The espresso, no, but thinking about blowing $335 on it very well might.
If I had a coffee shoppe with clientele willing to pay that much for a shot I would absolutely provide it - gold cup and all.
I would also use the absolute cheapest beans and plain tap water, and I would spit in it.
Why does it cost $335? Because they can charge that and get away with it - there’s a sucker born every minute. I bet it actually costs little more than a regular espresso, and if it does, because, say, the ‘special’ beans cost a lot, that’s the supply chain taking the piss, too.
Yeah, the thing that gets me about these kind of “novelty” luxury items on menus is the logistics. Anyone who’s worked in a restaurant would know, they’re probably not stocking a unique bean just for this, else it wouldn’t stay fresh enough to warrant the cost unless people were ordering this regularly. So chances are that if you order it, you’re getting the same old beans some other schmo is slurping down for a meager 7£ but just with fancier presentation.
It might be worthwhile if I got to keep the gold cup and spoon, and I could sell them to recoup the cost of the overpriced bean drink.
“It’s not good taste; it’s Veblen good taste!”
Yep, and a clear marker they’re extremeley undertaxed…
It’s the ideal accompaniment to an Antares parakeet gland on a stick.
It’s more concerning to me that based on the quick review, it sounds like it is an under-extracted shot.
I mean yes the whole thing is absurd, but imagine paying that much and it tasting worse than 7-Eleven ‘espresso’
Alternative take: Price anchoring. This $335 drink is only on the menu to make their $93 cat poop coffee seem like a bargain.

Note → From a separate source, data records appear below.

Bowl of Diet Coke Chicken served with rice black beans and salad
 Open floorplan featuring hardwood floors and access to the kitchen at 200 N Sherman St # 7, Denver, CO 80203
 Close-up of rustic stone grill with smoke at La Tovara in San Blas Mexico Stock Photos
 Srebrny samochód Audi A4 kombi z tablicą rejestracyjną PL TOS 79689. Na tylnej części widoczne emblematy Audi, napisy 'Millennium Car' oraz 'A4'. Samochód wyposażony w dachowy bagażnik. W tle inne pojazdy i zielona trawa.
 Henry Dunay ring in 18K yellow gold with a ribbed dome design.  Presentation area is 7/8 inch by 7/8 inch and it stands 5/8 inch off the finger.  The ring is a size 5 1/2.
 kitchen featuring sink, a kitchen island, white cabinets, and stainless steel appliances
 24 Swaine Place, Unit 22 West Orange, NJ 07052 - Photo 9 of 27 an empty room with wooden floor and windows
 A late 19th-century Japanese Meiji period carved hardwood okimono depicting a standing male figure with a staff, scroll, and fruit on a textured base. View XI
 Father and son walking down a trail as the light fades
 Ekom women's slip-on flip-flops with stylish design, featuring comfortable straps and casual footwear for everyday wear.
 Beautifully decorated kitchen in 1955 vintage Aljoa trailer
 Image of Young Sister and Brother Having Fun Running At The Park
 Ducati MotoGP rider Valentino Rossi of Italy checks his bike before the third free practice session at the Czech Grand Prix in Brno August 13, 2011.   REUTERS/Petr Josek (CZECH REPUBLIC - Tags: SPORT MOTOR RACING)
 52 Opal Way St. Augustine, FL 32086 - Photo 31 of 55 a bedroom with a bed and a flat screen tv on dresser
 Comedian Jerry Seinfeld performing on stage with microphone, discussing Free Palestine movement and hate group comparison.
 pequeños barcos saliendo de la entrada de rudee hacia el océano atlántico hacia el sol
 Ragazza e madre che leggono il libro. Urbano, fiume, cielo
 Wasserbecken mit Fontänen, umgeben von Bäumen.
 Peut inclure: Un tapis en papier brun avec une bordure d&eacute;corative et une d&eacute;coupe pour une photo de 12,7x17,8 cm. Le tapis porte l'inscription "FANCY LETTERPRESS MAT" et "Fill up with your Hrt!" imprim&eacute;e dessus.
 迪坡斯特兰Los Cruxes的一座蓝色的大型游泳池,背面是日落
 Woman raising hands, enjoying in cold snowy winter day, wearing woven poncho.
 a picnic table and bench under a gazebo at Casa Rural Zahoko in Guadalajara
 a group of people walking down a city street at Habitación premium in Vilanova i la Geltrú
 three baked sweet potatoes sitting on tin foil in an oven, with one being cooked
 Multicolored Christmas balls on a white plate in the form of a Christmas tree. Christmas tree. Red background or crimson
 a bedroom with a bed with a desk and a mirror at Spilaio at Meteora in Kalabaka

I kind of like it on the thesis that you should of course bring your own golden service to save the $332, and that of course [not having brought your own 80 oz. vacuum insulated mug, even] you get $300 back if they withdraw the service successfully while you savor the taste (how would you make good on the float though? That’s your coffee sophisticate tell there, subletting the demitasse and spoon until the wait persons cruise back by.)
If someone wants the experience of paying $335 for an espresso shot, they can always just leave an enormous tip.